◆ PROBLEM DETAILS
Restate word for word the line containing "بيراميدز تعرض للظلم" and each line that follows it, through the last line below, and nothing else.

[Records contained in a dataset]
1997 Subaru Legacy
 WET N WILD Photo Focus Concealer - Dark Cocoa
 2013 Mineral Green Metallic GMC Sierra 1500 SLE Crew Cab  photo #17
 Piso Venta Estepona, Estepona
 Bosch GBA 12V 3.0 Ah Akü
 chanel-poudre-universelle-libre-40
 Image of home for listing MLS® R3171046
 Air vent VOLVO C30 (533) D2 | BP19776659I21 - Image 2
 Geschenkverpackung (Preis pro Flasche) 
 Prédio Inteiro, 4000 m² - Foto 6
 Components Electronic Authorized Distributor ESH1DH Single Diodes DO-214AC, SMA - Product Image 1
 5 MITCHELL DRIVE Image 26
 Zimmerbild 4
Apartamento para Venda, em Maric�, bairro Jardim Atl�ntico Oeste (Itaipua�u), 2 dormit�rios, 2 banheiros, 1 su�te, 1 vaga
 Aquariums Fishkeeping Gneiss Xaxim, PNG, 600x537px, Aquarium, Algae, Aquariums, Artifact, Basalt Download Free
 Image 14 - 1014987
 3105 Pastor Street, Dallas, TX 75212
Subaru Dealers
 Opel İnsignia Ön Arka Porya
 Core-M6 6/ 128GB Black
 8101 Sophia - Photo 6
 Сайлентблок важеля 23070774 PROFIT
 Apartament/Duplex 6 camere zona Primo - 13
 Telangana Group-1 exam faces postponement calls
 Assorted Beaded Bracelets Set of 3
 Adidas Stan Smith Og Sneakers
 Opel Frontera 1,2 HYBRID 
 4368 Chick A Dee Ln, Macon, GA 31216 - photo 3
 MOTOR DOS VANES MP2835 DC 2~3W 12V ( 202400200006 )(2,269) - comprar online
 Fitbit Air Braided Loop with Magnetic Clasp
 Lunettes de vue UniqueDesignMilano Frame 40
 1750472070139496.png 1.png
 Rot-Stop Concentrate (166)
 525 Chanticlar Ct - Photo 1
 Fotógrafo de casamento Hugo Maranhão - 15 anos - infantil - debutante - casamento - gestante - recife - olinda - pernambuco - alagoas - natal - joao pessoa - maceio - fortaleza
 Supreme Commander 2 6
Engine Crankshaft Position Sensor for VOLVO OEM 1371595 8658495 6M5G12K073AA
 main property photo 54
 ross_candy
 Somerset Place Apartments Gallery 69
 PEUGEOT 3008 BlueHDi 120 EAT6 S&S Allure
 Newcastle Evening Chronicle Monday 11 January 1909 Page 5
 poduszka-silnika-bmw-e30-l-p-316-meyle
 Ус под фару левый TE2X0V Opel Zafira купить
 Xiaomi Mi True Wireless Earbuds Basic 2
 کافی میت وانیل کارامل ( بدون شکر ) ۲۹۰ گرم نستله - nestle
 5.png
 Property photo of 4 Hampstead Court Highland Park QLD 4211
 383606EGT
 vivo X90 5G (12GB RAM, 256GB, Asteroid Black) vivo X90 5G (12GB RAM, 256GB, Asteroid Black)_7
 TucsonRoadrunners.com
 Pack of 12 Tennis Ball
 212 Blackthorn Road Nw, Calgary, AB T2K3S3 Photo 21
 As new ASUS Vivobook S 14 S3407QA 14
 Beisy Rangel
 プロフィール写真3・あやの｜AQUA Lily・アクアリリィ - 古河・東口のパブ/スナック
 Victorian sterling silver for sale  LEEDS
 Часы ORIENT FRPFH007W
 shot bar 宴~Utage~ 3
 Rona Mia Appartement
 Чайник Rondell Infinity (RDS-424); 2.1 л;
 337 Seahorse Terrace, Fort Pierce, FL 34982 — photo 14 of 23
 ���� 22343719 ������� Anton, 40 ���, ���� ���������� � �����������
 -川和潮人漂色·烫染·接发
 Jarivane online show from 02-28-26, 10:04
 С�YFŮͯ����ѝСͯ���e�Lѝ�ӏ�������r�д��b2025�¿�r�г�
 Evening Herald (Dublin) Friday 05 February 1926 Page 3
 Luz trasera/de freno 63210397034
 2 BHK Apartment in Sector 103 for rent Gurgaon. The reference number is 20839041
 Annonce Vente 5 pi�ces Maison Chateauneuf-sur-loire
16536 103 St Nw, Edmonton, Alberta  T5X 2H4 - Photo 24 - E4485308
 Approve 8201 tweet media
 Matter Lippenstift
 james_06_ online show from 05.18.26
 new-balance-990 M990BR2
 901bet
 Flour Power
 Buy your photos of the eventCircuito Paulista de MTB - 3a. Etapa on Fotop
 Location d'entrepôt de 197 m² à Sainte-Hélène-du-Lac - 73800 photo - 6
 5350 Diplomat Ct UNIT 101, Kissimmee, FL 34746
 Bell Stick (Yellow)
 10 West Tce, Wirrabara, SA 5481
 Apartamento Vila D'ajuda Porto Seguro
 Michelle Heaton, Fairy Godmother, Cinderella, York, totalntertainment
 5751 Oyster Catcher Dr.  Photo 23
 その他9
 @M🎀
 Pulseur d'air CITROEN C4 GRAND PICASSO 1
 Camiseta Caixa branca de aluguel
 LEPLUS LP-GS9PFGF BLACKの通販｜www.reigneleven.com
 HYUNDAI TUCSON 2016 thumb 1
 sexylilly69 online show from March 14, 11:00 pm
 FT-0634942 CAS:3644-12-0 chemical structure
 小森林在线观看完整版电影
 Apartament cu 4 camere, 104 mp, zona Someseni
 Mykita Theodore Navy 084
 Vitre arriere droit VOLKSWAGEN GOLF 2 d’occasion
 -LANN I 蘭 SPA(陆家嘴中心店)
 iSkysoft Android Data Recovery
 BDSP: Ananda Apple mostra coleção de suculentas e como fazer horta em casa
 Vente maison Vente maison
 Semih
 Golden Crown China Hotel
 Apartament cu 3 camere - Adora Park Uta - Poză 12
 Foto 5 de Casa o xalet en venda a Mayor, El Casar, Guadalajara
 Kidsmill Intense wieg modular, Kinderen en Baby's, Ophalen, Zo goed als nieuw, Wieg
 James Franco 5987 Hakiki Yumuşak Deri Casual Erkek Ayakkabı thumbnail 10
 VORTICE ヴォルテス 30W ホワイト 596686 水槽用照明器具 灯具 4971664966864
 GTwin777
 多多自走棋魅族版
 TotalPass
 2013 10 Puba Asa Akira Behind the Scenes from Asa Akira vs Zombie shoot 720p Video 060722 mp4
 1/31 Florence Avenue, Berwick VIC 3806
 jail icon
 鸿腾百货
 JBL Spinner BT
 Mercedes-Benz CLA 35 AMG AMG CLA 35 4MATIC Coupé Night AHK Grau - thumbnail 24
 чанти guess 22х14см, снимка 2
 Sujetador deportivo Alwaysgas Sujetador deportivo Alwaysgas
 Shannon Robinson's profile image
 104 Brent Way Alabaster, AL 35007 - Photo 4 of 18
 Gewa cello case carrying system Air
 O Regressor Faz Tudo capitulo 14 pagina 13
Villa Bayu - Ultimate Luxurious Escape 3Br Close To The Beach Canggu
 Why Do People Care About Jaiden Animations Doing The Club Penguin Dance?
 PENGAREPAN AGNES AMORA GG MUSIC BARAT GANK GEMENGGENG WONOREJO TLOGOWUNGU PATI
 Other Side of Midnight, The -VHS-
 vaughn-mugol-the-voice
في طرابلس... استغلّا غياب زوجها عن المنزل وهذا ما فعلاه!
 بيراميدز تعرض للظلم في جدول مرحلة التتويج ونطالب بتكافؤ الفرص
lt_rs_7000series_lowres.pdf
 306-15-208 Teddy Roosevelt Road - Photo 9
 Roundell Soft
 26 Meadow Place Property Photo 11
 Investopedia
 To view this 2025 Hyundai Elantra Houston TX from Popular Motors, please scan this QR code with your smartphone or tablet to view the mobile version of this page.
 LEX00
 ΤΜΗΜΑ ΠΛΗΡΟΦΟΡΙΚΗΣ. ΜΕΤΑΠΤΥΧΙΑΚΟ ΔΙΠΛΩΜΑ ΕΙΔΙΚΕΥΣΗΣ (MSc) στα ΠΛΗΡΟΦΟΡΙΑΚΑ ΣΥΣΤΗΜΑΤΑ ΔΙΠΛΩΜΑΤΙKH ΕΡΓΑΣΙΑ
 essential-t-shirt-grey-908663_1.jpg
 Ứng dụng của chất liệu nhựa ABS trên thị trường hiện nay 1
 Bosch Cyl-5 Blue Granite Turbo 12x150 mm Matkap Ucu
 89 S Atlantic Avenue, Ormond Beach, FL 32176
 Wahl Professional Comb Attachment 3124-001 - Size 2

◆ RESPONSE BOX
 بيراميدز تعرض للظلم في جدول مرحلة التتويج ونطالب بتكافؤ الفرص
lt_rs_7000series_lowres.pdf
 306-15-208 Teddy Roosevelt Road - Photo 9
 Roundell Soft
 26 Meadow Place Property Photo 11
 Investopedia
 To view this 2025 Hyundai Elantra Houston TX from Popular Motors, please scan this QR code with your smartphone or tablet to view the mobile version of this page.
 LEX00
 ΤΜΗΜΑ ΠΛΗΡΟΦΟΡΙΚΗΣ. ΜΕΤΑΠΤΥΧΙΑΚΟ ΔΙΠΛΩΜΑ ΕΙΔΙΚΕΥΣΗΣ (MSc) στα ΠΛΗΡΟΦΟΡΙΑΚΑ ΣΥΣΤΗΜΑΤΑ ΔΙΠΛΩΜΑΤΙKH ΕΡΓΑΣΙΑ
 essential-t-shirt-grey-908663_1.jpg
 Ứng dụng của chất liệu nhựa ABS trên thị trường hiện nay 1
 Bosch Cyl-5 Blue Granite Turbo 12x150 mm Matkap Ucu
 89 S Atlantic Avenue, Ormond Beach, FL 32176
 Wahl Professional Comb Attachment 3124-001 - Size 2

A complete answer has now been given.